We are far from asserting that Professor Green was always clear or self-consistent in the exposition of his own system. We would rather say that the personal and practical sympathies of the man had quite as much to do with his convictions and his practical principles as had his metaphysical theories. While on the one hand he delighted in thinking and was entirely at home in the intellectual activities of patient analysis and adventurous synthesis, he was equally interested, on the other, in the practical conclusions to which his daring and adventurous logic would conduct him. A reverent conservatism and a reckless radicalism seem to have been the impulses which conspired to lift him to the heights of bold speculation and of patient and persevering action. Hence he was often unpopular or rather he was always prepared, we had almost said he was

uniformly impelled, to espouse an unpopular cause. And as it never fails to be true that what is conceived to be radicalism in politics, philosophy, and religion attracts more or less attention. by reason of the simple oddity of its antagonism, a temper like Green's could not fail to attach himself to an ample number of singular if not unpopular parties. We have already noticed that when at Rugby he was alone among four hundred boys as a water drinker, and also that somewhat early in his university life he dared to idolize John Bright, the man of all others who would least of all expect to find a following in the walks and halls which are so redolent of Toryism. What is more remarkable was the early and ardent interest which he took in our own civil war and the bold and sturdy patience with which, from the beginning to the end, he defended the cause of freedom and the Union against a host of natural and factitious opponents. What is, perhaps, still more remarkable, is the interest which he felt in that other "Great Rebellion," the civil war in which so many of England's noblest sons were engaged, and in which so many of her choicest spirits sealed their faith on the field or the scaffold.

The editor scarcely needed to apologize for the publication of the lectures on "The English Revolution," or "The English Commonwealth," as the running title has it. If those lectures render no other service, they are a fervent and outspoken confession of the author's political ideals and his political faith and furnish the key to much of his public conduct. The reader of them finds no difficulty in tracing the influences of his relationship to Cromwell and Cromwell's Colonel Sanders, or in finding in his ardent idealism a kinship with Sir Harry Vane, that noblest idealist whom Milton commemorates, and England and America each claims as its own. The concluding sentences of this course are fraught with suggestive meaning.

"Two palpable benefits the short triumph of puritanism did win for England.
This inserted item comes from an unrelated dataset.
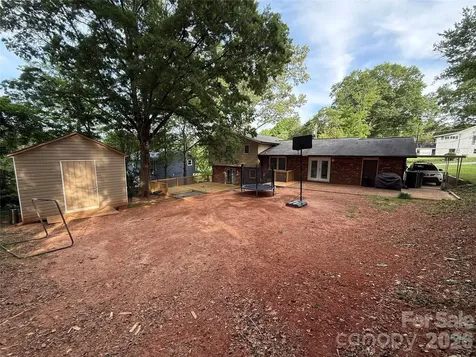 1130 16th Avenue NW Hickory NC 28601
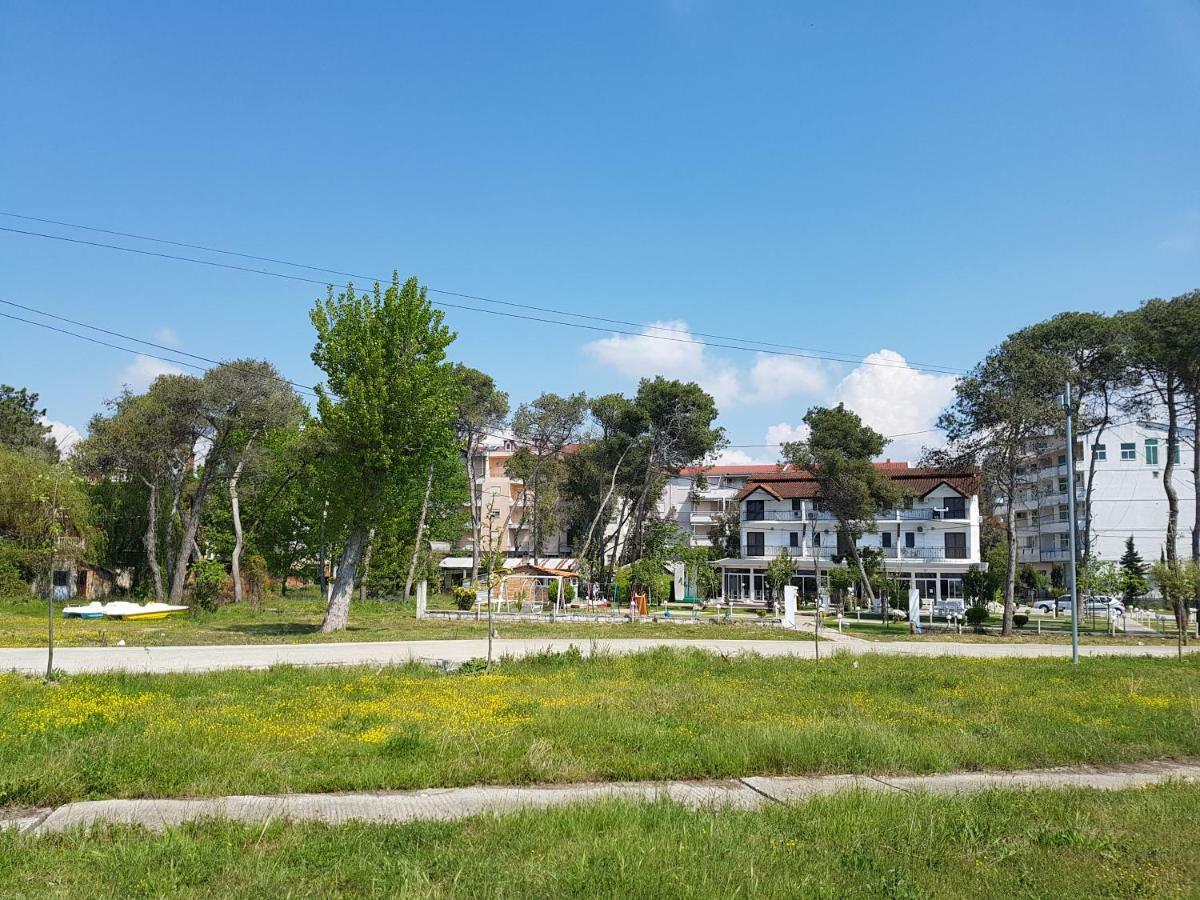 Delight Apartments Golem  Eksteriør bilde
It saved it from the catholic reaction, and it created the "dissenting bodies." If it seems but a poor change from the fanatic sacerdotalism of Laud to the genteel and interested sacerdotalism of modern English churchmanship, yet the fifteen years of vigorous growth which Cromwell's sword secured for the church of the sectaries, gave it a permanent force which no reaction could suppress, and which has since been the great spring of political life in

« AnteriorContinuar »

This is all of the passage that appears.